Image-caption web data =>

———

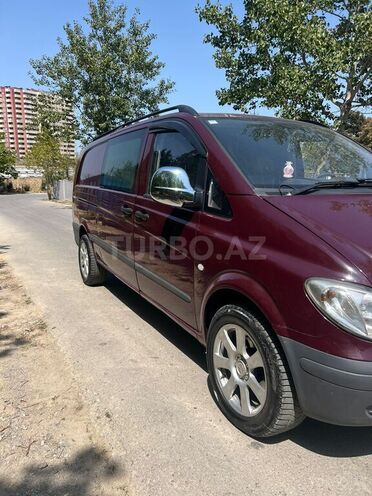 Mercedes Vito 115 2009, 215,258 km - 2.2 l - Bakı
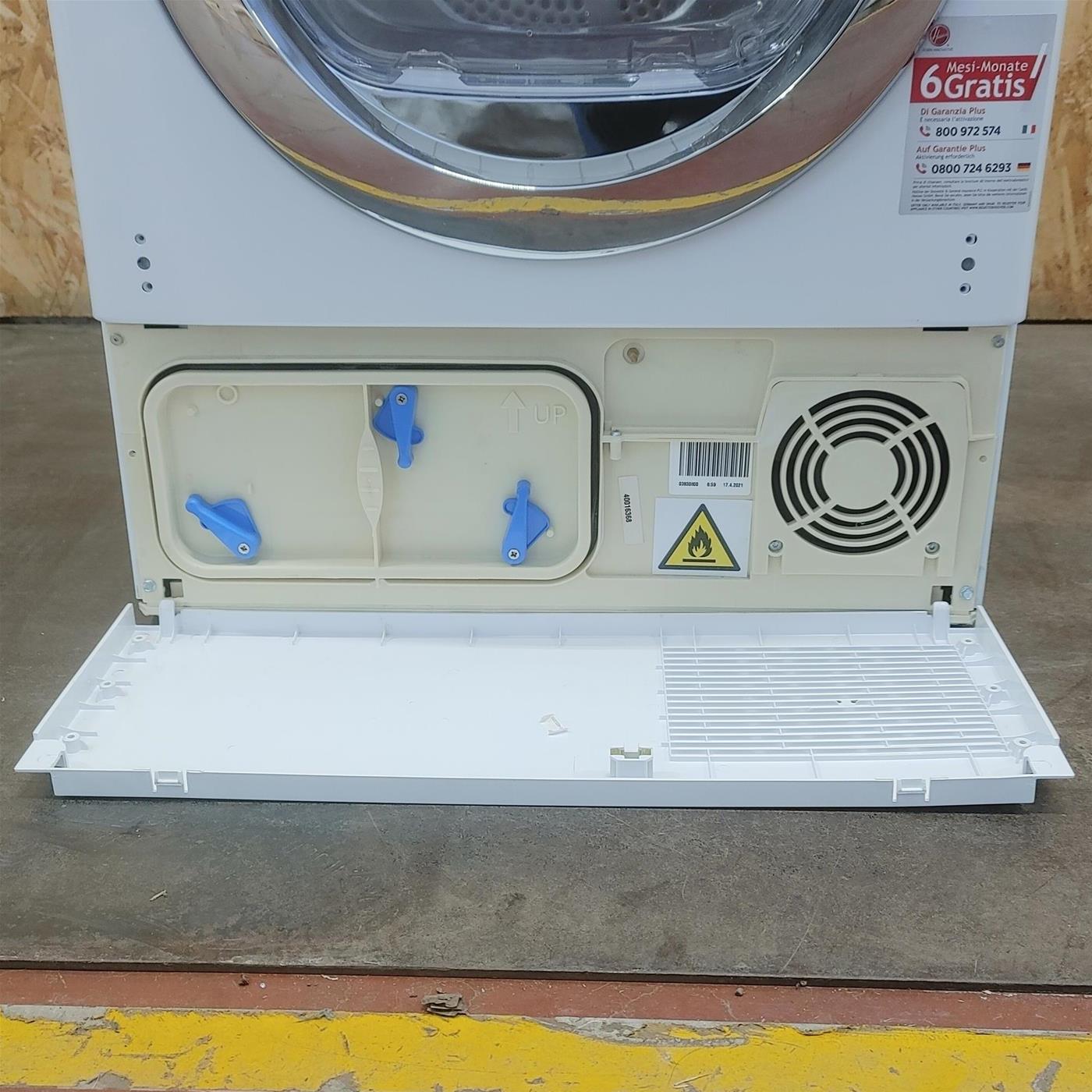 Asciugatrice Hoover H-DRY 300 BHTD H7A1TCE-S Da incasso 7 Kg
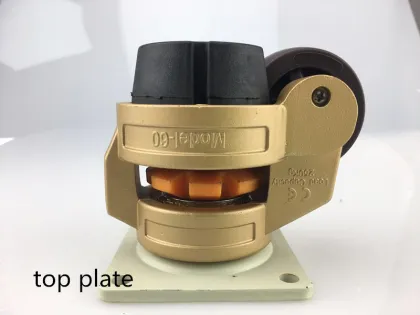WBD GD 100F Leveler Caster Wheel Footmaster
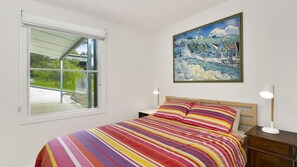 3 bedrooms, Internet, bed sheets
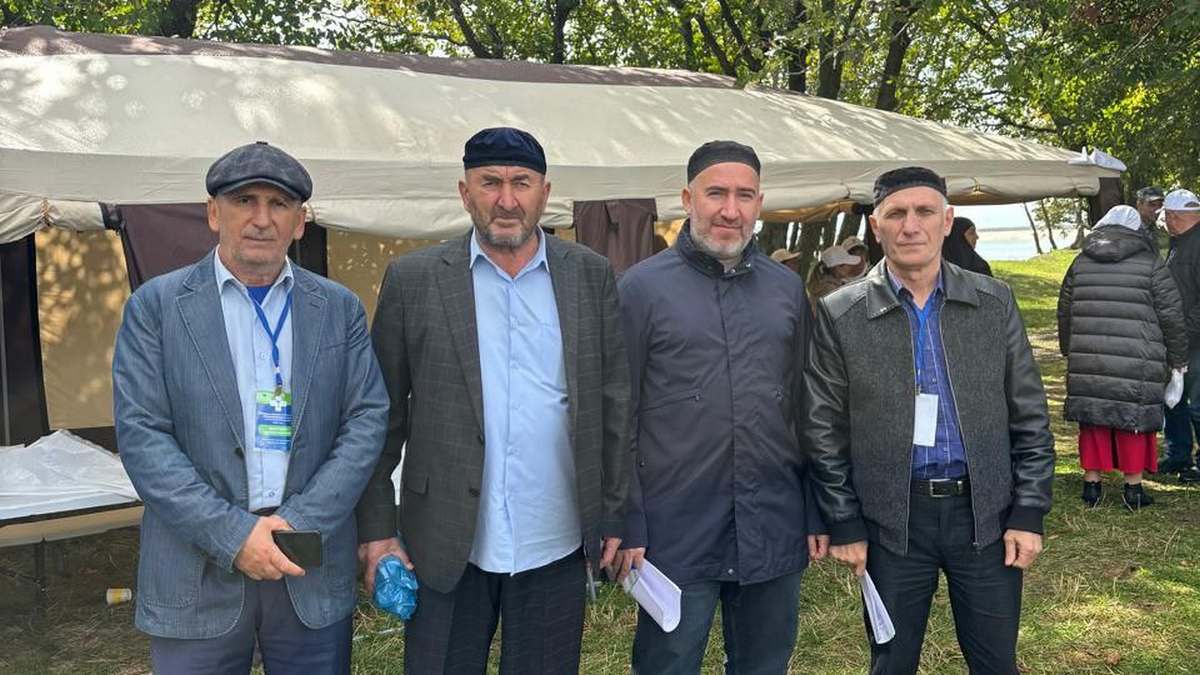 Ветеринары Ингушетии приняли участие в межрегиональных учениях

———

THE PROBLEM =>
Please print the records above once more, word for word, omitting all pictures.

FINISHED EXERCISE =>
 Mercedes Vito 115 2009, 215,258 km - 2.2 l - Bakı
 Asciugatrice Hoover H-DRY 300 BHTD H7A1TCE-S Da incasso 7 Kg
WBD GD 100F Leveler Caster Wheel Footmaster
 3 bedrooms, Internet, bed sheets
 Ветеринары Ингушетии приняли участие в межрегиональных учениях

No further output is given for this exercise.